- Work to complete -
Scan the records beneath this line for the line holding "Konu ve Beceri" and the line holding "Les mauvais jours", then transcribe exactly those two and all lines between.

==== Information

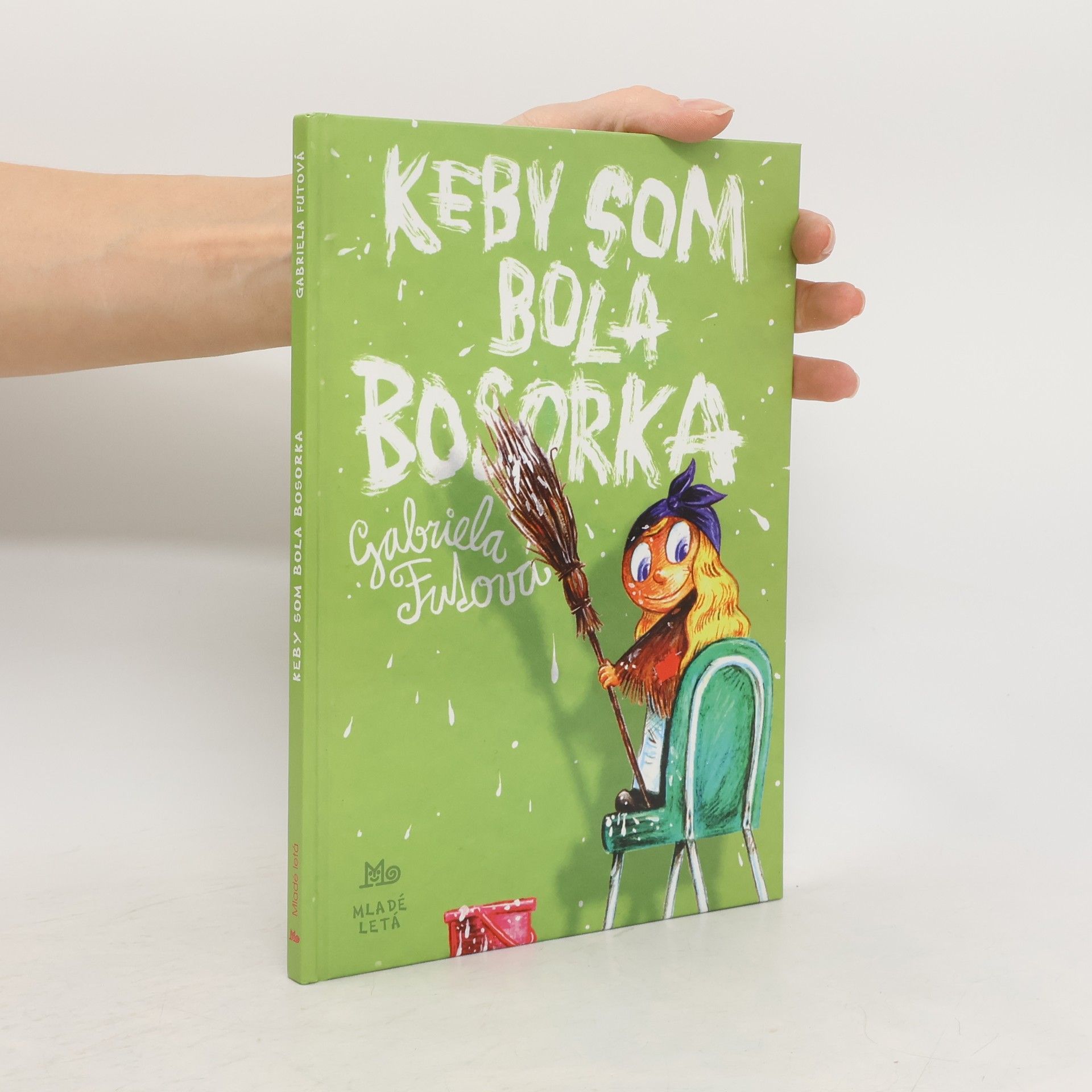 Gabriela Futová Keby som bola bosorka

========
==== Information

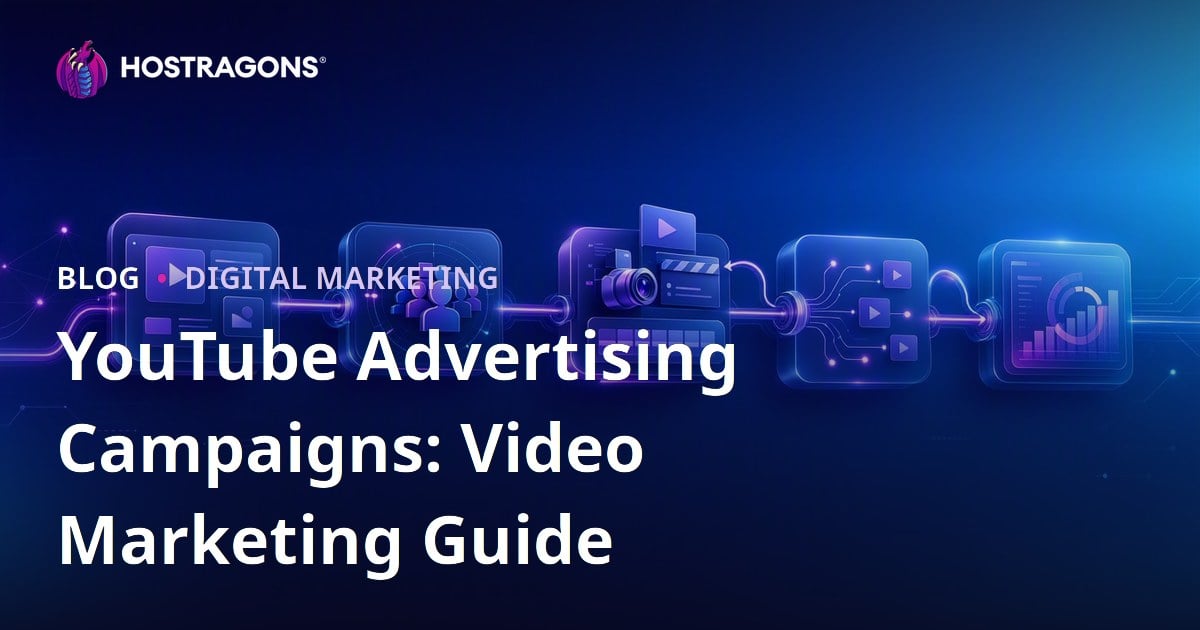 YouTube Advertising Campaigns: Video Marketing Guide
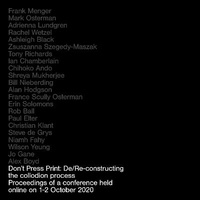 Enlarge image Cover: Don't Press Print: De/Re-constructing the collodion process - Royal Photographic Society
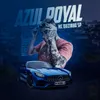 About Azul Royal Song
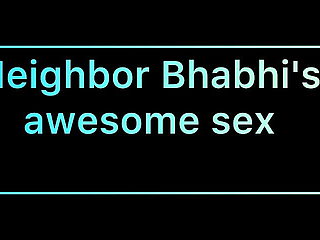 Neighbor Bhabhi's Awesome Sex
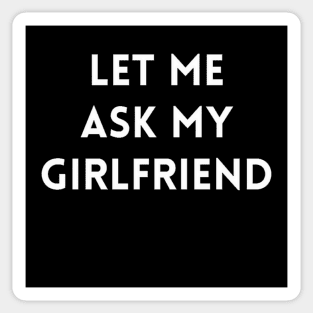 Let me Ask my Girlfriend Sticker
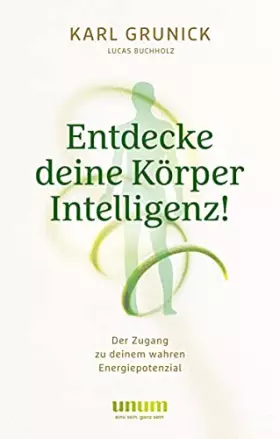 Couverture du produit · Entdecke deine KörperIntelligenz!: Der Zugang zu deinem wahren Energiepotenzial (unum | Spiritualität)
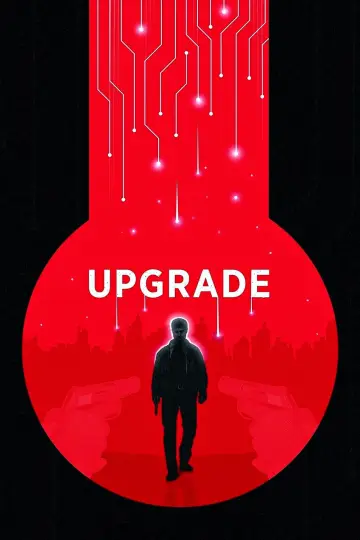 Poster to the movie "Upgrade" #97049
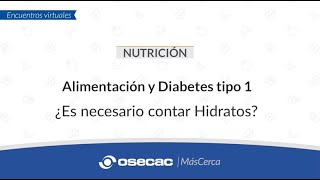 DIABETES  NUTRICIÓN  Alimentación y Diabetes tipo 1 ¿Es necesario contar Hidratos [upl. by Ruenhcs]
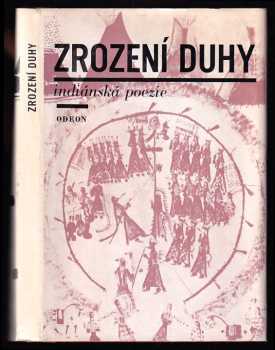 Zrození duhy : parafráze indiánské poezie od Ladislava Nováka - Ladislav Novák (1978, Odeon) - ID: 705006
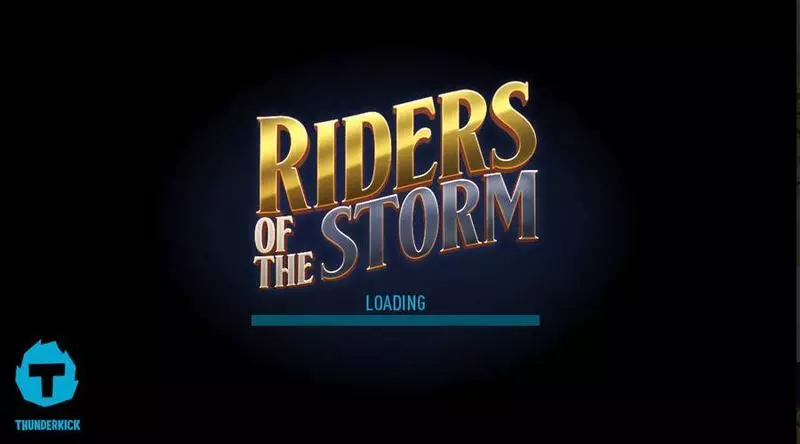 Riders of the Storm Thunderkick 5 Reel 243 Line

========
==== Information

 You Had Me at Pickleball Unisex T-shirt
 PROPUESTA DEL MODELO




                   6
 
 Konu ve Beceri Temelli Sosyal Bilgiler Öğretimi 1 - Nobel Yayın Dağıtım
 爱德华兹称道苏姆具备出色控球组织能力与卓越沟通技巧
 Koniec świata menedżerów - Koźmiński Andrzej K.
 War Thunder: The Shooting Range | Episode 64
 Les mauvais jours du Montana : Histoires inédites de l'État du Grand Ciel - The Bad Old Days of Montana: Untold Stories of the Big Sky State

========

- Result of the exercise -
 Konu ve Beceri Temelli Sosyal Bilgiler Öğretimi 1 - Nobel Yayın Dağıtım
 爱德华兹称道苏姆具备出色控球组织能力与卓越沟通技巧
 Koniec świata menedżerów - Koźmiński Andrzej K.
 War Thunder: The Shooting Range | Episode 64
 Les mauvais jours du Montana : Histoires inédites de l'État du Grand Ciel - The Bad Old Days of Montana: Untold Stories of the Big Sky State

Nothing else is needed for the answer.